• GIVEN DATA
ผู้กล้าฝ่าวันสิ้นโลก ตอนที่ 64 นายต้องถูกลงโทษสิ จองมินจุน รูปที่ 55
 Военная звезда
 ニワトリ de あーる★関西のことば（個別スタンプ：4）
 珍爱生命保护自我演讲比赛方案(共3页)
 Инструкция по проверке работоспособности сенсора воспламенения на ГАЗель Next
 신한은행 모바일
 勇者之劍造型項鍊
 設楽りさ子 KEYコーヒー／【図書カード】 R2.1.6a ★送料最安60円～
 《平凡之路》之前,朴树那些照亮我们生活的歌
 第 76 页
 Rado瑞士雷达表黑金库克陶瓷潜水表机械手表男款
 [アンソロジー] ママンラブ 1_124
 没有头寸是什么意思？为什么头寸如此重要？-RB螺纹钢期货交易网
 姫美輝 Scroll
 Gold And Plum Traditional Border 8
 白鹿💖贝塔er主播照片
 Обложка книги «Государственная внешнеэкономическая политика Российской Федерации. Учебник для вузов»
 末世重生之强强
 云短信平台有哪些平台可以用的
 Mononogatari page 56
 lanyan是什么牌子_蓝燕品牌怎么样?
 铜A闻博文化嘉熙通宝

• REQUIREMENT
Quote exactly the first line of the data and every line after it through the one holding "lanyan是什么牌子_蓝燕品牌怎么样?".

• ANSWER FOR THIS EXERCISE
ผู้กล้าฝ่าวันสิ้นโลก ตอนที่ 64 นายต้องถูกลงโทษสิ จองมินจุน รูปที่ 55
 Военная звезда
 ニワトリ de あーる★関西のことば（個別スタンプ：4）
 珍爱生命保护自我演讲比赛方案(共3页)
 Инструкция по проверке работоспособности сенсора воспламенения на ГАЗель Next
 신한은행 모바일
 勇者之劍造型項鍊
 設楽りさ子 KEYコーヒー／【図書カード】 R2.1.6a ★送料最安60円～
 《平凡之路》之前,朴树那些照亮我们生活的歌
 第 76 页
 Rado瑞士雷达表黑金库克陶瓷潜水表机械手表男款
 [アンソロジー] ママンラブ 1_124
 没有头寸是什么意思？为什么头寸如此重要？-RB螺纹钢期货交易网
 姫美輝 Scroll
 Gold And Plum Traditional Border 8
 白鹿💖贝塔er主播照片
 Обложка книги «Государственная внешнеэкономическая политика Российской Федерации. Учебник для вузов»
 末世重生之强强
 云短信平台有哪些平台可以用的
 Mononogatari page 56
 lanyan是什么牌子_蓝燕品牌怎么样?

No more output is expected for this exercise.